Frederic J. Glazer was also hired as an executive secretary for the Library Commission in 1972 directly because of increased state support and better federal funding. Glazer was instrumental in developing promotional programs for public libraries and for increasing state funding for libraries from less than ten cents to almost four dollars by 1996. In 1996, a controversial decision was made by the Library Commission to fire Glazer from his position as executive secretary.

In 1973, the Library Commission and Marshall University established a program to train library staff who were working in small, remote libraries which still exists in part. In the 1980s the Library Commission entered into a contract with Virginia Polytechnic Institute to provide a statewide automation network called VTLS which replaced the former card catalogs with electronic ones. This system has continued to grow and develop over the years which is why it is still in use by most public libraries in the state today.

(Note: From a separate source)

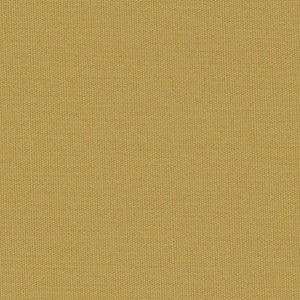 Century Solids - Gold Blender | Andover CS10-HONEYCOMB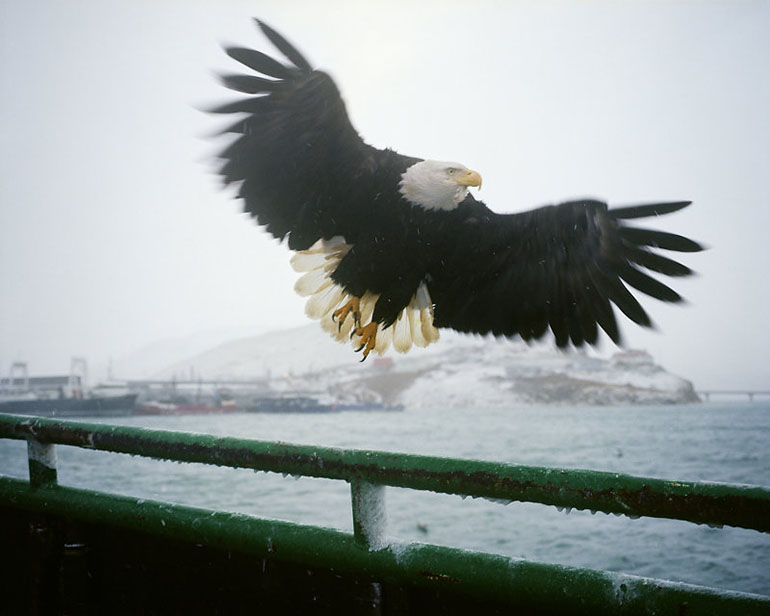 Fiskearbeid Bering Sea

After the controversy over the firing of Frederic J. Glazer, several executive secretaries followed: Dave Childers who served as interim executive secretary, David Price (hired in 1997, resigned in 2001), and J.D. Waggoner who was hired from within the agency in 2002.

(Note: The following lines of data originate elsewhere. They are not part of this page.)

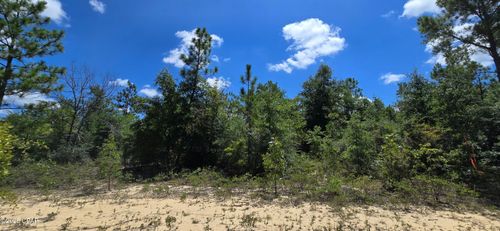 Lot 2 Converse Ave, Chipley, FL, 32428 | Card Image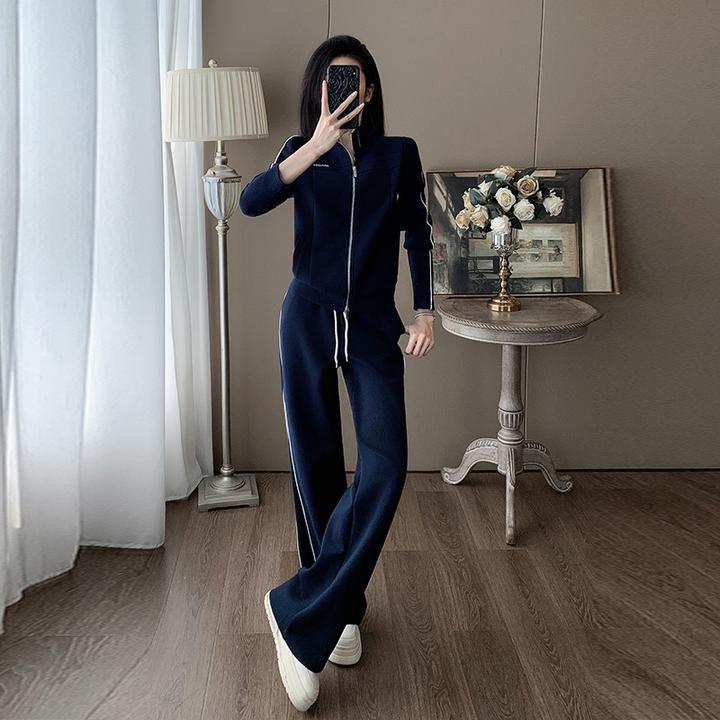 高级感时尚休闲套装女春秋宽松设计感立领双拉链卫衣阔腿裤两件套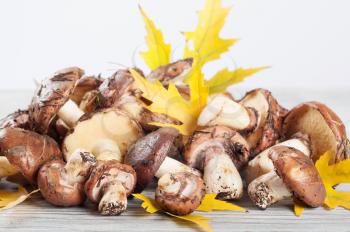 Edible forest mushrooms on a wooden background. Mushrooms and yellow maple leaves.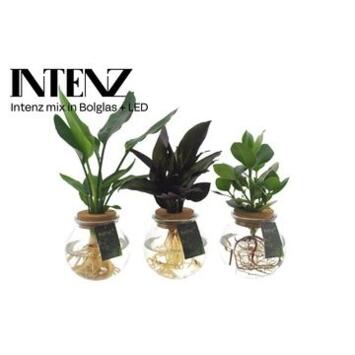image PLANTE VERTE VARIEE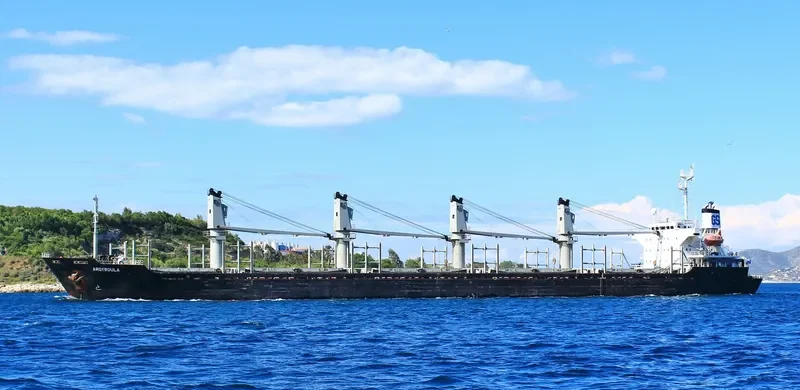 NEW VICTORY Bulk Carrier IMO 9159050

As of 2009, West Virginia's public library system consisted of 97 library systems serving citizens from 175 physical facilities and seven bookmobiles. Each of West Virginia's 55 counties has at least one public library and every public library in the state has internet access. There were over 5,212,807 items in print, 216,782 audio resources, 252,890 video resources, and 1,613 electronic databases. Patron statistics include the use of 1,280 computer terminals accessed by patrons a total of 1,620,140 times and 7,731,735 materials of all types were circulated. There were also approximately 6,081,791 library visits.